Workers at Verizon pay
for concessions on safety

On September 14 Verizon worker Douglas LaLima, 37, was killed on the job in the Brownsville neighborhood of Brooklyn, N.Y., while he was installing cables from a hoisted bucket that came in contact with a high-voltage electrical line. LaLima had worked for Verizon for 15 years.

Verizon spokesman John Bonomo told the media the incident was “highly unusual.” But electrocutions of electrical and communications workers in bucket trucks are not uncommon. At least four other Verizon workers have been killed in similar incidents over the last five years in Plymouth and Sharon, Mass.; Baltimore; and Rhode Island. The letter below from Stu Singer, a meat truck driver in New York City, describes discussions with Verizon workers recently on strike about the fight for safety.

I talked with Verizon workers during the strike, and actually for many years beforehand about safety on the bucket trucks. What I’ve noticed is that there is frequently only one worker on the crew.

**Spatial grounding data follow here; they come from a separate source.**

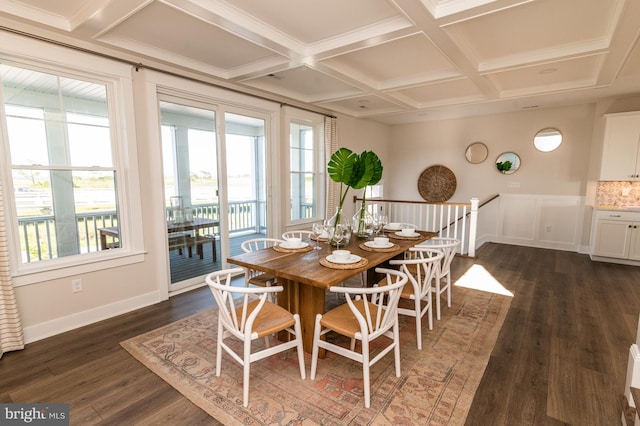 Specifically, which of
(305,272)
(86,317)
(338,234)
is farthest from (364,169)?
(86,317)

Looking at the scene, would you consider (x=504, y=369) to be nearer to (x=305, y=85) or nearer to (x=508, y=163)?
(x=305, y=85)

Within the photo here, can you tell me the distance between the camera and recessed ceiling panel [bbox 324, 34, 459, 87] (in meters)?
3.14

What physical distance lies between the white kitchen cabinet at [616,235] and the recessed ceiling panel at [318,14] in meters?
4.93

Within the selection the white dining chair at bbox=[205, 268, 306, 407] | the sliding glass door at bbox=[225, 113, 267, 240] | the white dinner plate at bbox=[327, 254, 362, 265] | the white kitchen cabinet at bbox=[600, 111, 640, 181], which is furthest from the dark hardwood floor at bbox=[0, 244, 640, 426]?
the white kitchen cabinet at bbox=[600, 111, 640, 181]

Every Verizon worker I ever spoke to about it was furious. It was a concession the union agreed to years ago and it is unquestionably dangerous. You must have at least a two-person crew when using a bucket truck, or even just a ladder or climbing with spikes. If the spotter goes away, makes a phone call, whatever, you come down. No spotter, no work.

When a worker goes up in a bucket, there must be at least one spotter on the ground, following every move and especially watching for proximity to power lines. And watching for traffic and other dangers. Half the time they are working in the middle of a busy street with their work area just protected by a few traffic cones.

I worked as a lineman for a while in the 1970s before I got hired at an iron ore mine in Minnesota. We were hanging the first cable TV system and used bucket trucks where there were paved roads and used spikes strapped to our legs to climb telephone poles out in the country. We would try to spot for each other when using the trucks. But there was no union.

The picture at the right is of one of the Verizon strikers’ roving picket squads during their strike. The guy climbing down from the pole is a manager scab. The strikers used their own cars and followed the Verizon trucks that were working during the strike. They would surround the work area yelling and chanting and making it difficult for the scabs. These are the little actions I saw all over Brooklyn and Queens.

Stu Singer
New York, N.Y.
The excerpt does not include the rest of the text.